1400 tahr culled from South Westland National Park

Himalayan tahr. Photo by Stephen Jaquiery.
Himalayan tahr. Photo: ODT files

By Lois Williams, Local Democracy Reporter

The Department of Conservation is about a third of the way through its planned tahr control programme for the year, with most of its efforts focused this winter on the West Coast.

A report to the Tai Poutini West Coast Conservation Board shows DOC hunters have flown 60 of the 195 hours budgeted for the annual aerial cull.

The Himalayan mountain goat numbers have to be kept as low as possible in national parks because of their destructive impact on tussock and mountain plant habitat, and all tahr inside park boundaries are targeted in the annual cull.

But outside the Aoraki-Mt Cook and Westland National Parks, DOC leaves the big male animals prized by trophy hunters. It focuses instead on reducing herd numbers and keeping them within a defined feral range across thousands of hectares of public conservation land.

DOC operations director in Wellington Ben Reddiex says more than 100 tahr were shot this year outside the feral range, to the north.

Staff were still collating overall numbers but 1400 animals had been shot in the Westland National Park so far, Dr Reddiex said.

"We will be putting out maps showing identifiable male tahr sightings on our website later this week to help hunters plan their next trip and we'll be doing a review of the control operation to date with the Game Animal Council at the mid-point, later this month."

The tahr carcases are not recovered and there have been concerns about the risk to kea which feast on them, sometimes consuming lead shot in the process.

But DOC no longer uses lead ammunition, a spokesman said in an update for conservation boards this month.

The change to non-lead buckshot struck a glitch last year when it was found the lighter shell cases had hit helicopter tail rotors a couple of times, leaving grooves.

Experts advised there was no safety risk but the shell cases could cause costly damage to the rotor blades.

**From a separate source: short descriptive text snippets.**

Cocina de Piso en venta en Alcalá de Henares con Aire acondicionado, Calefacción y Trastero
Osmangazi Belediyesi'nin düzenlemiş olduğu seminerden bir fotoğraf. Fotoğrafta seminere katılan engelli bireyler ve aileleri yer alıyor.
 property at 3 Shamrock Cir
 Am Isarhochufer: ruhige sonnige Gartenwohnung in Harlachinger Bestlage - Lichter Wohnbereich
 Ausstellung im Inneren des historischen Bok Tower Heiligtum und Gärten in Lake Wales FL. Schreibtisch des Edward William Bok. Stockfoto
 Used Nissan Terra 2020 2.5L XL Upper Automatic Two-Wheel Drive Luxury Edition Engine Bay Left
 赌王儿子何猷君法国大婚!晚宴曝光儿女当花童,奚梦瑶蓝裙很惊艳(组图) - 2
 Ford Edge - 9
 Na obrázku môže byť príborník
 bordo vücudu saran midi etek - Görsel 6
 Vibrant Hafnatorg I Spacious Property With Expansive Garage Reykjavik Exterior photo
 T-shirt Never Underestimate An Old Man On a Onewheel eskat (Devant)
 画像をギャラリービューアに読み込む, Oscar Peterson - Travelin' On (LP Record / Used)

The problem had been resolved by modifying the shotguns used in the tahr cull to change the shell ejection pattern, DOC reported.

Add a Comment

drivesouth-pow-generic-1.png

 

Advertisement

postanote_header_620_x_80.png

postanote_620_x_25.jpg

Our journalists are your neighbours

We are the South's eyes and ears in crucial council meetings, at court hearings, on the sidelines of sporting events and on the frontline of breaking news.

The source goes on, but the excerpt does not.